Another dynamic that keeps these issues hidden is the fact that most professors pushing the envelope left genuinely believe they are strengthening the faith of their students. Most do not wear their false teachings or political activism on their sleeve. The seminary I graduated from certainly knew how to put on a good show for parents. All of this made me somewhat cynical around 2017. Since 2020, half the country now shares my cynicism. 

So what are the options, precautions, and recommendations for parents considering higher education for their young adults?

Christian? Secular? Skip?

The first thing I tell parents is that they need to prepare their children to encounter common errors no matter where they go to college. The reality is that even the best Christian colleges will likely include some bad teaching somewhere. I know this from personal experience and the overwhelming testimony I receive in my inbox. Most students simply do not recognize error when they see it. There are multiple reasons for this.

Many students do not know how to reason well before going to college.
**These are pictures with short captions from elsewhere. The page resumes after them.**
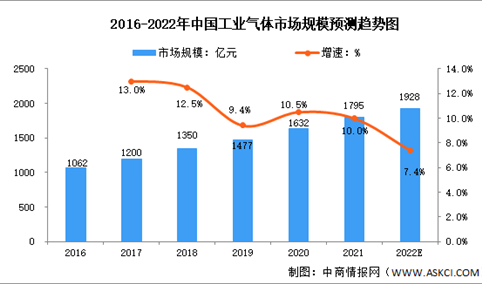 2022年中国工业气体行业市场规模预测分析：占全球的比例提高（图）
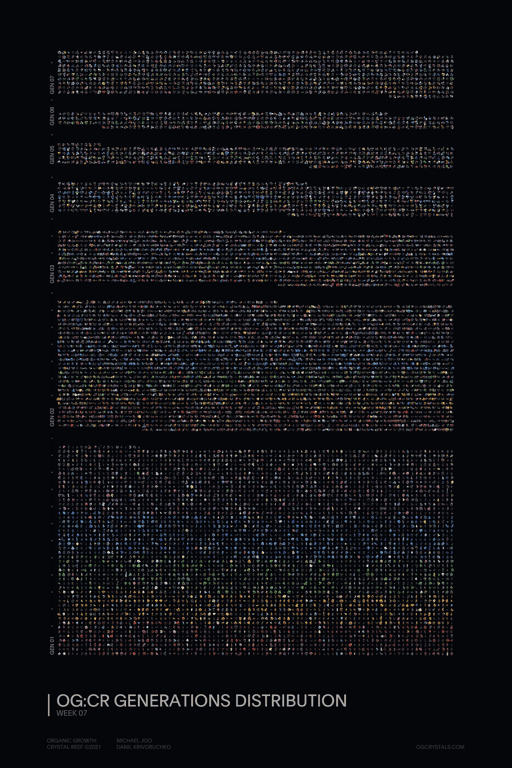 OG:CR GENERATIONS | WEEK 7 - edition 4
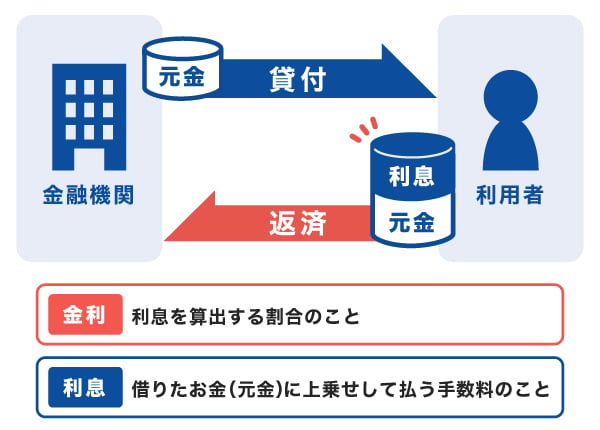 金利と利息の違い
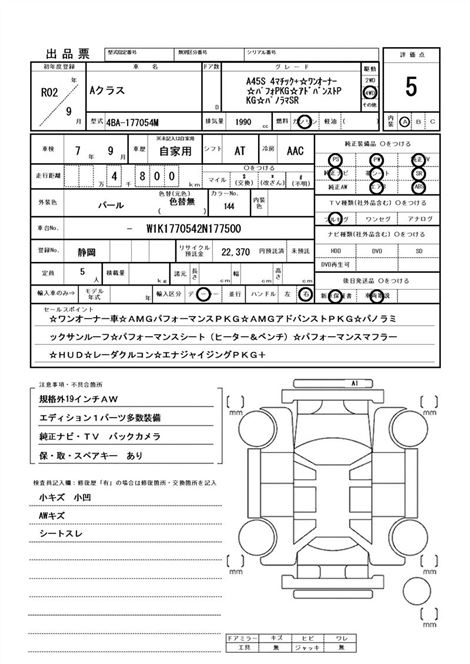 Inspection Report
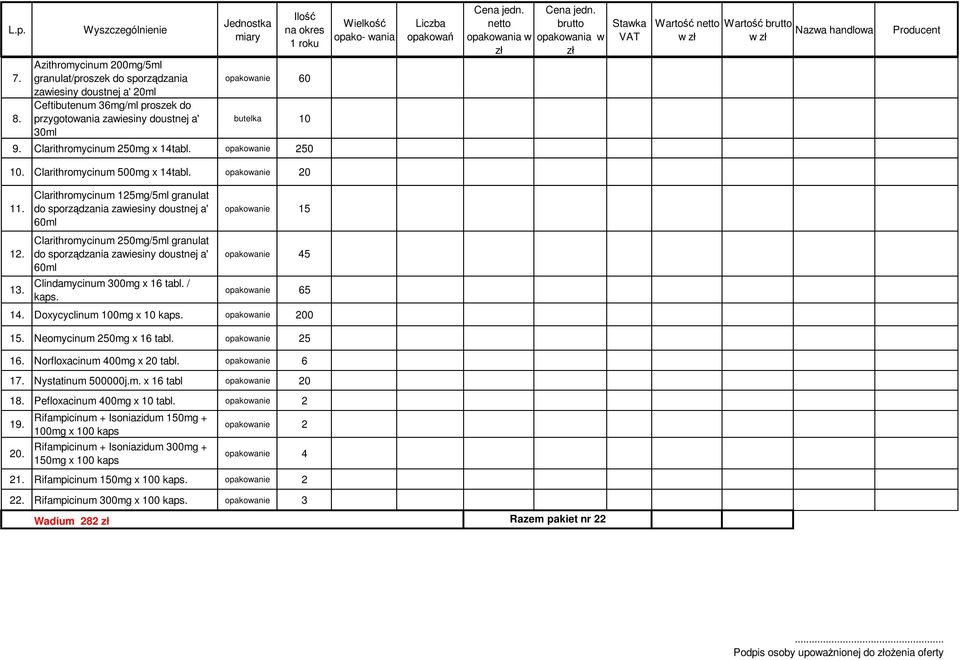 opakowanie 20 1 Clarithromycinum 125mg/5ml granulat do sporządzania zawiesiny doustnej a' 60ml opakowanie 15 1 1 Clarithromycinum 250mg/5ml granulat do sporządzania zawiesiny doustnej a' 60ml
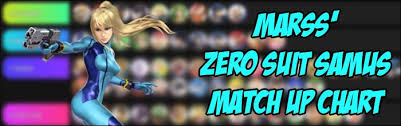 Marss Releases His Zero Suit Samus Match Up Chart For Super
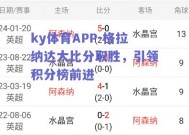 ky体育APP-格拉纳达大比分取胜，引领积分榜前进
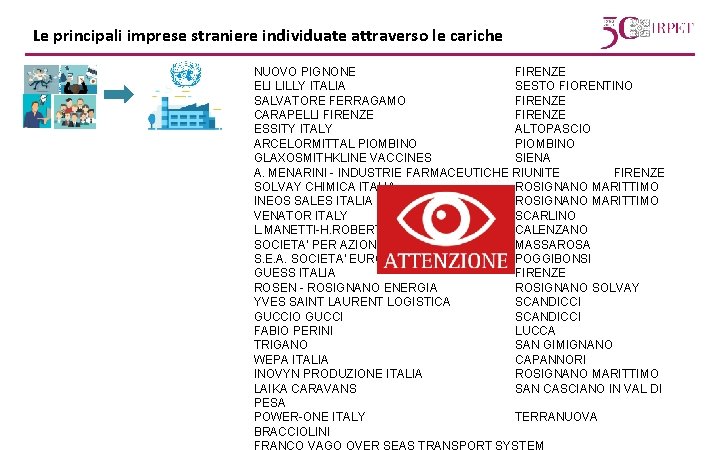 Le principali imprese straniere individuate attraverso le cariche NUOVO PIGNONE FIRENZE ELI LILLY ITALIA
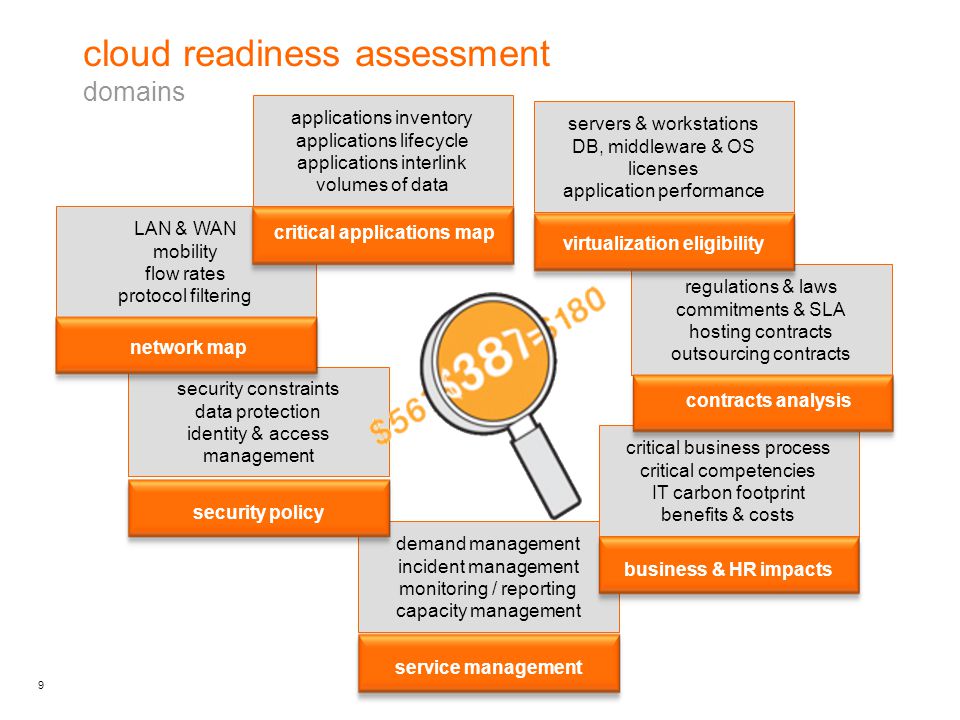 9 cloud readiness assessment domains demand management incident management monitoring / reporting capacity management service management security constraints data protection identity & access management security policy regulations & laws commitments & SLA hosting contracts outsourcing contracts critical business process critical competencies IT carbon footprint benefits & costs business & HR impacts contracts analysis LAN & WAN mobility flow rates protocol filtering network map servers & workstations DB, middleware & OS licenses application performance virtualization eligibility applications inventory applications lifecycle applications interlink volumes of data critical applications map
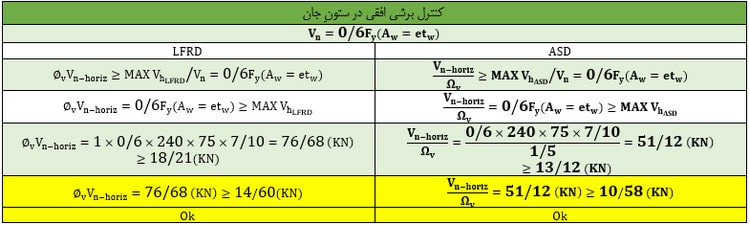 مدلسازی و طراحی تیر لانه زنبوری در نرم افزار ایتبس (آپدیت 1404) 83 کنترل برشِ افقی در ستون جان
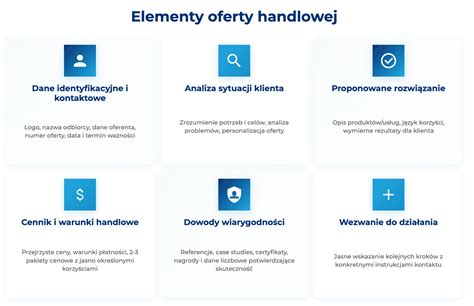 Infografika przedstawiająca najważniejsze elementy wyposażenia OSP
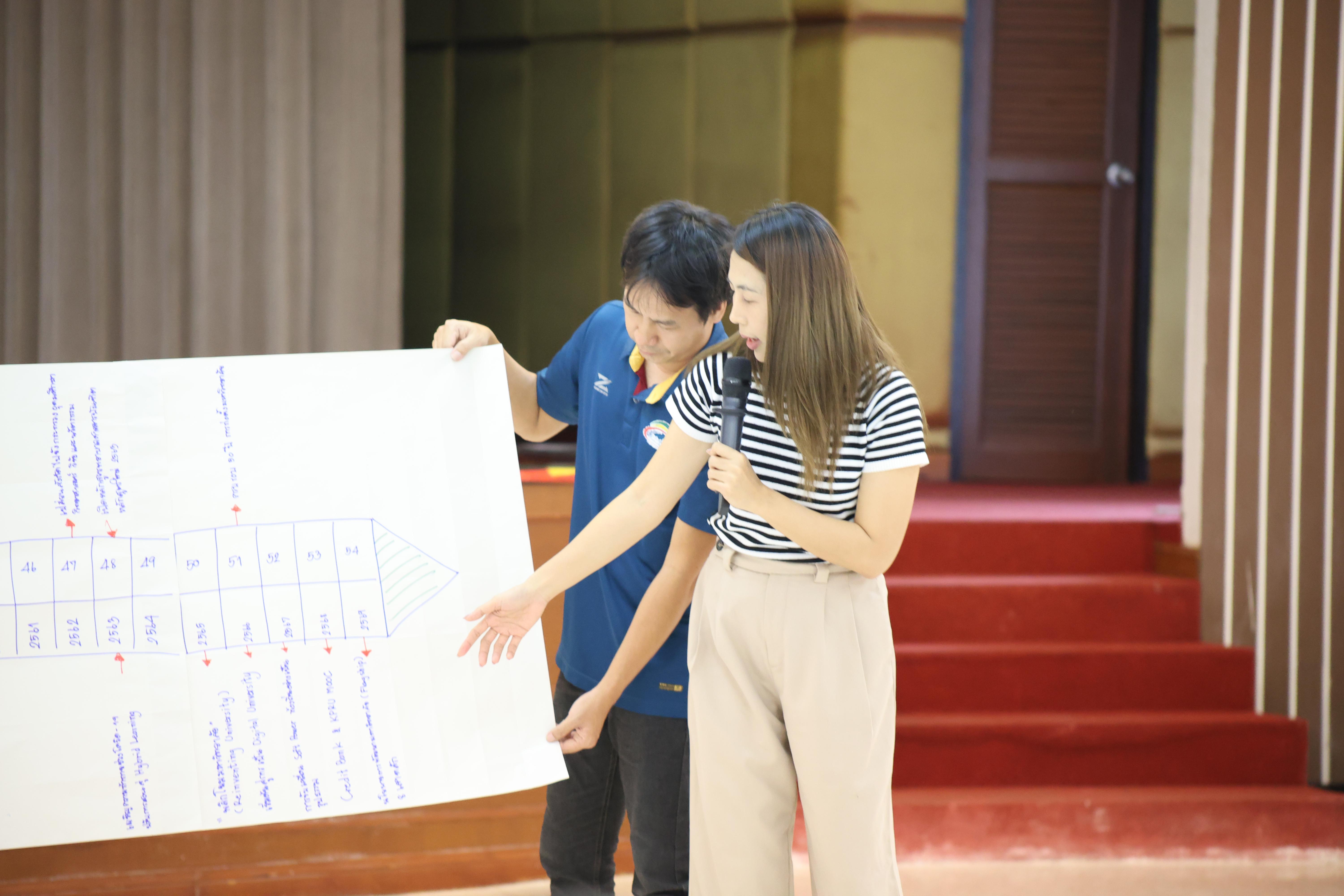 228. วันนี้เป็นการอบรมในโมดูลที่ 10 เรื่อง “ทักษะการโค้ชเพื่อการพัฒนา Soft Skills” .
Parents can supplement this by teaching them logic, hermeneutics, historiography, or related disciplines that allow students to work through more than just mathematical problems. Many students also tend to be passive and accept what they are told without critical examination. This is a character issue that parents can address by gradually introducing responsibility and leadership opportunities during their teenage years. Things like sports, youth programs, businesses, or other activities are helpful in this regard. 

If a student lacks the ability to think or the virtue to withstand pressure, it may be better to put off college until they are ready to handle it. Students can also start their educations at young ages through online classes. This enables parents to prepare their children for when they do leave home. Or, perhaps there is a local community college they can attend while remaining under good influences in their local area. 

It’s also good to remember that many secular colleges have Christian organizations that provide accountability and support. I found that when attending secular college, I expected to encounter Marxism, Darwinism, and perversion. When I experienced these ideas, I wasn’t shaken or surprised. It was an experience I shared in common with other Christian students at the same institution, and we supported each other in standing firm against these threats.

Specific Reccomendations

Still, if attending a Christian college is the right course of action, there are a few I feel comfortable enough to recommend. I should say recommending these institutions does not mean they are perfect or that students will not encounter bad philosophies. But I can say that I have either experienced or know people I trust who have experienced a commitment to preserving civilization and the faith that formed it. These are simply places to consider.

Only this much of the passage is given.